Still, however, some of the citizens, moved by pity or terror, or from desire of gain (for many soldiers had still about their persons some remnants of the spoils of Moscow,) were willing to give lodging and food to these exhausted phantoms, who begged such relief sometimes with furious threats and imprecations, sometimes in the plaintive tone of men ready to perish. Distributions began also to be made at the public stores; and men who for long had not eat a morsel of bread, or reposed themselves upon any better lair than the frozen earth, or under any other canopy save that of the snow-fraught sky, deemed it Paradise to enjoy the most common household comforts, of which we think so little while we enjoy them, yet are miserable when they are abridged or withdrawn. Some wept for joy at receiving an ordinary loaf of bread, and finding themselves at liberty to eat it, seated, and under a roof.
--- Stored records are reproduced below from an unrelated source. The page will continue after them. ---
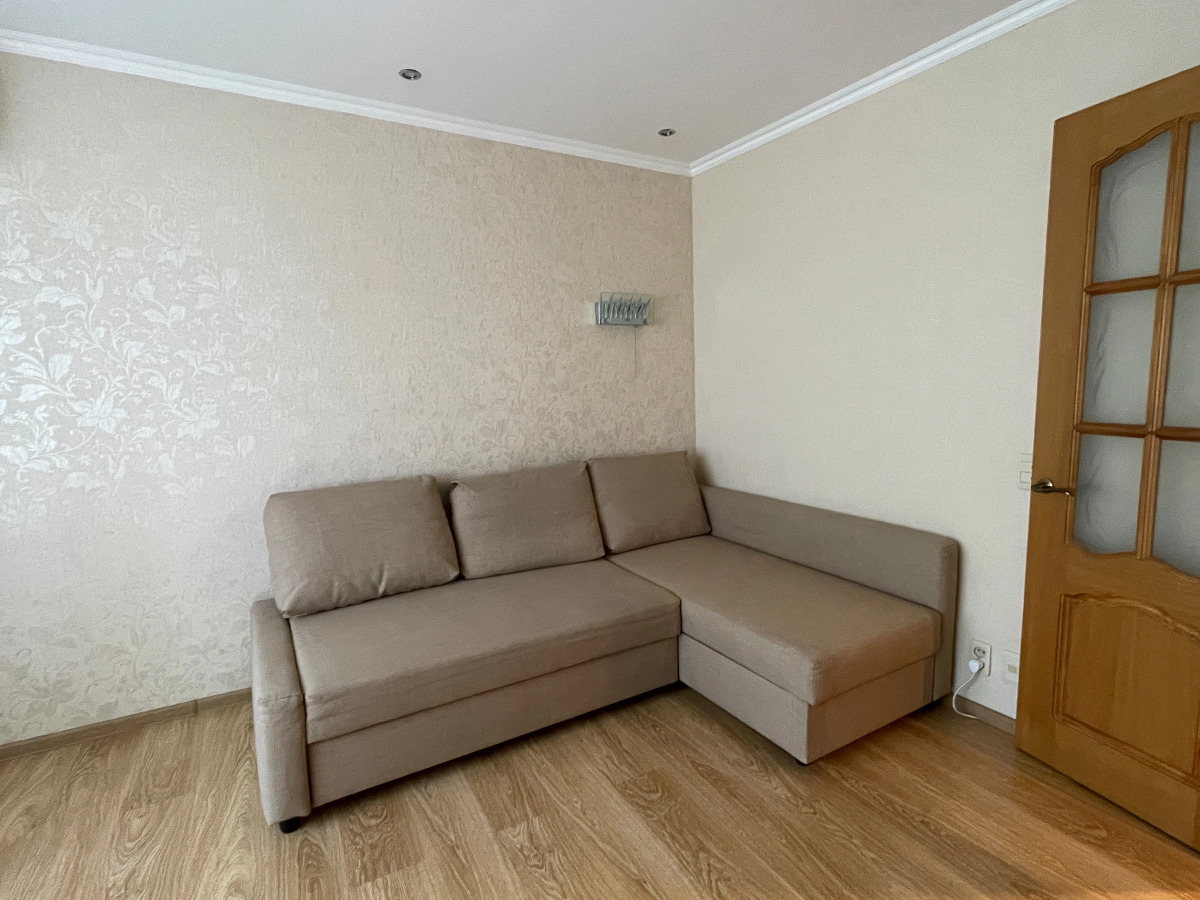 Квартира Двухкомнатная на Шило 192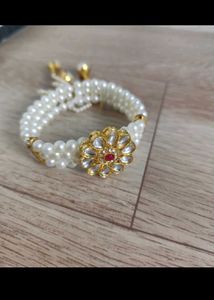 Indian Ethnic Pearl &amp; Kundan Flower Bracelet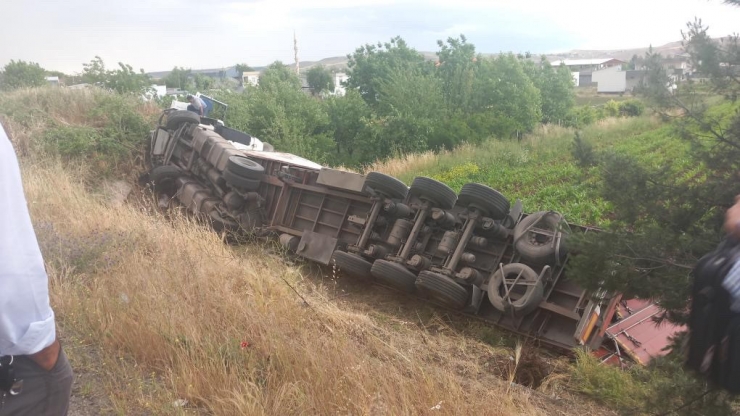 Freni Patlayan Tır Şarampole Devrildi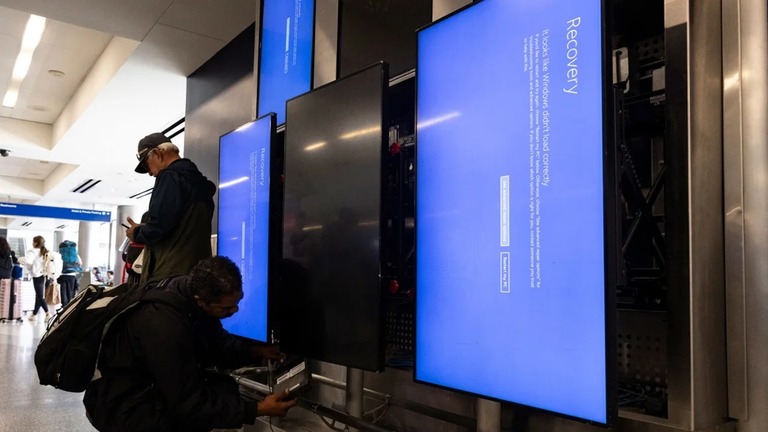 クラウドストライクの不具合で世界各地で混乱が発生した/Etienne Laurent/AFP/AFPGetty Images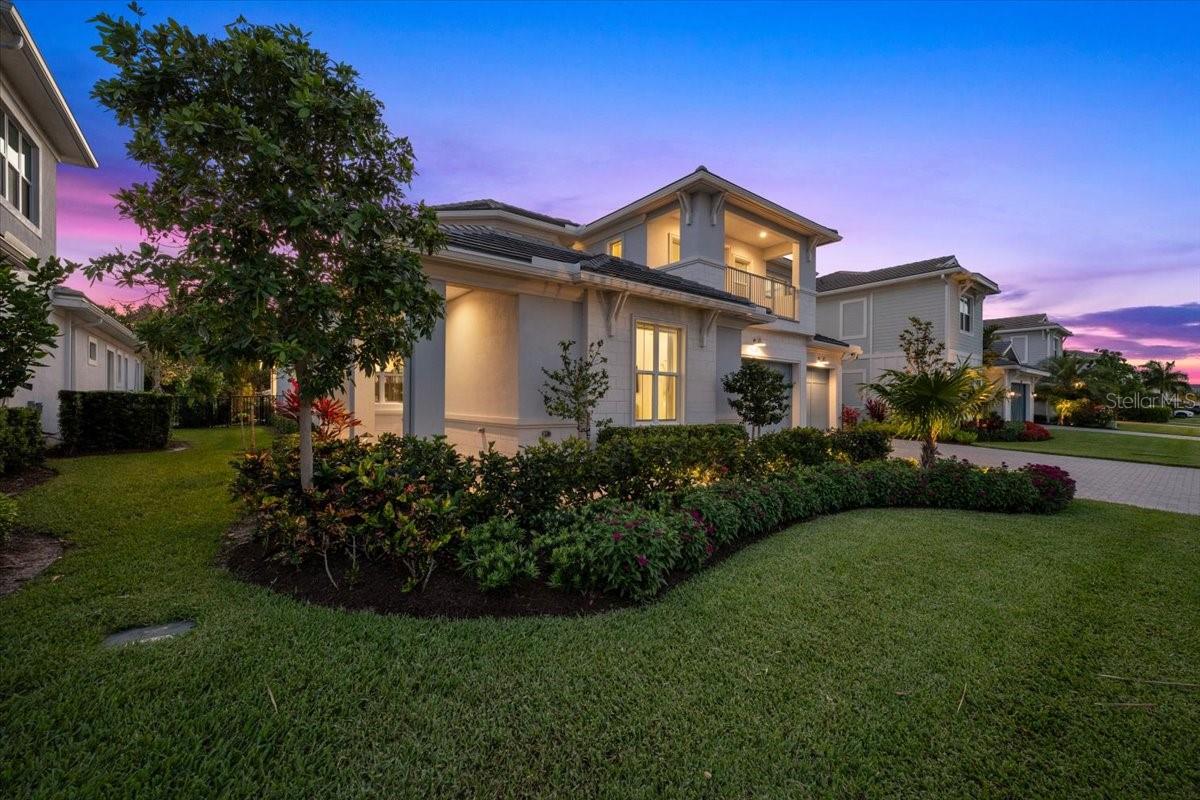 9236 Crestview Circle, FL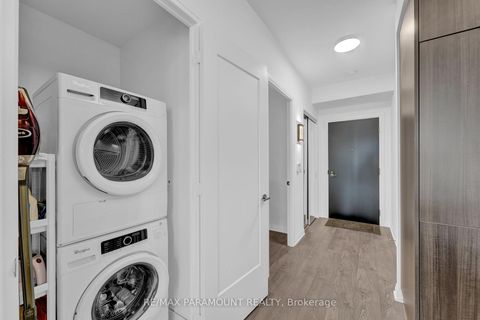 Photo 21 at 418 - 101 Erskine Avenue, Mount Pleasant West, Toronto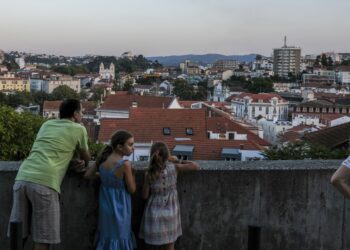 Jornadas de Etnografia em Leiria. Do turismo ayahuasca à inteligência artificial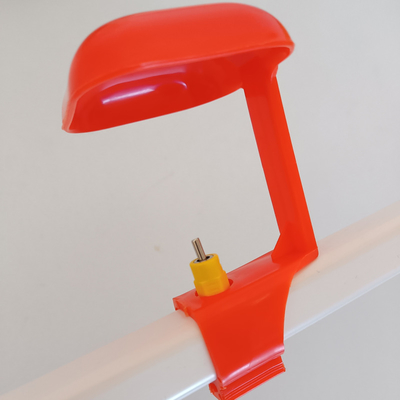 Elevates Automatic Nipple Drinker Lubricating Broiler Drinker Steel Ball Drinker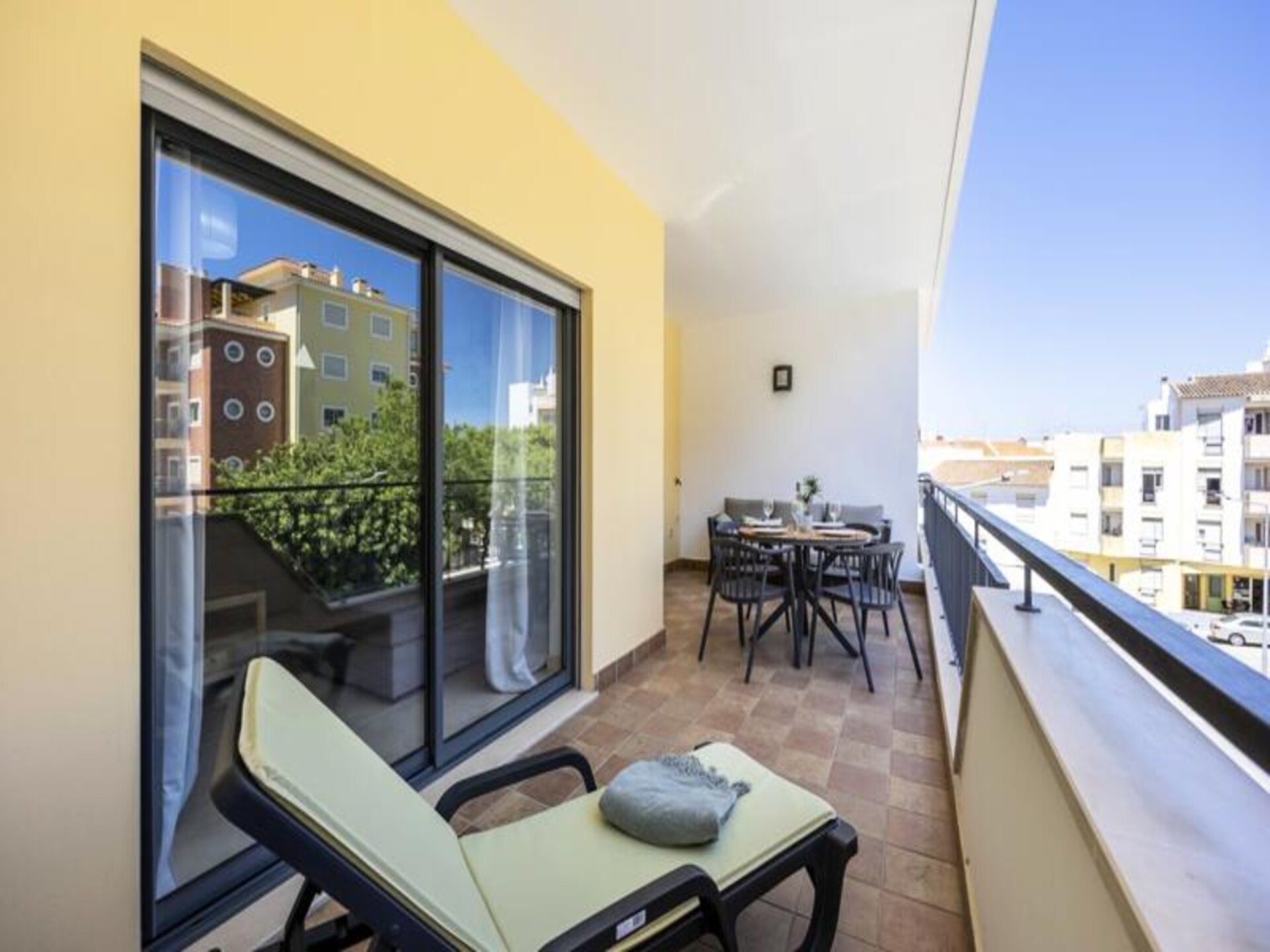 Licht appartement in Lagos met zwembad, fitness & privébalkons op zuiden - foto 19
On a sudden the repast, which seemed earnest of a return to safety and to social life, was disturbed by a distant cannonade, which came nigher and nigher—then by the fire of musketry—at length by their own drums beating to arms in the streets. Every alarm was in vain; even the Imperial Guard no longer attended to the summons. The soldiers were weary of their lives, and it seemed as if they would have been contented to perish like the Jews in the wilderness, with their food betwixt their teeth. At length the distant hourra, and the nearer cry of Cossacks! Cossacks! which for some time had been their most available signal for marching, compelled them to tear themselves from their refreshment, and rush into the street. There they found their rear-guard and Loison, although they had been reinforced by the body of Bavarians commanded by Wrede, who had been left on the verge of Volhynia, hurrying into the town in disorder like men defeated, and learned that they had been driven back by Witgenstein, with Platoff and other partisan leaders, who had followed them up to the gates.
WILNA—KOWNO.
Wilna, besides the immense magazines belonging to the French army, contained a vast deposit of wealth and property, which had been left there in the advance upon Moscow, and, in particular, a quantity of treasure belonging to Napoleon. The town, though open, might have been made good till the magazines were destroyed and the baggage removed; but such was the confusion of the moment, that the Russians forced their way into the town by one access, whilst the French left it by another, directing their flight upon Kowno, with the most valuable part of their baggage, or such as could be most speedily harnessed. The inhabitants of the town, the lower orders that is, and particularly the Jews, now thought of propitiating the victors by butchering the wretches whom they had received into their houses; or, at best, stripping and thrusting them naked into the streets. For this inhumanity the Jews are said to have been afterwards punished by the Russians, who caused several of them to be hanged.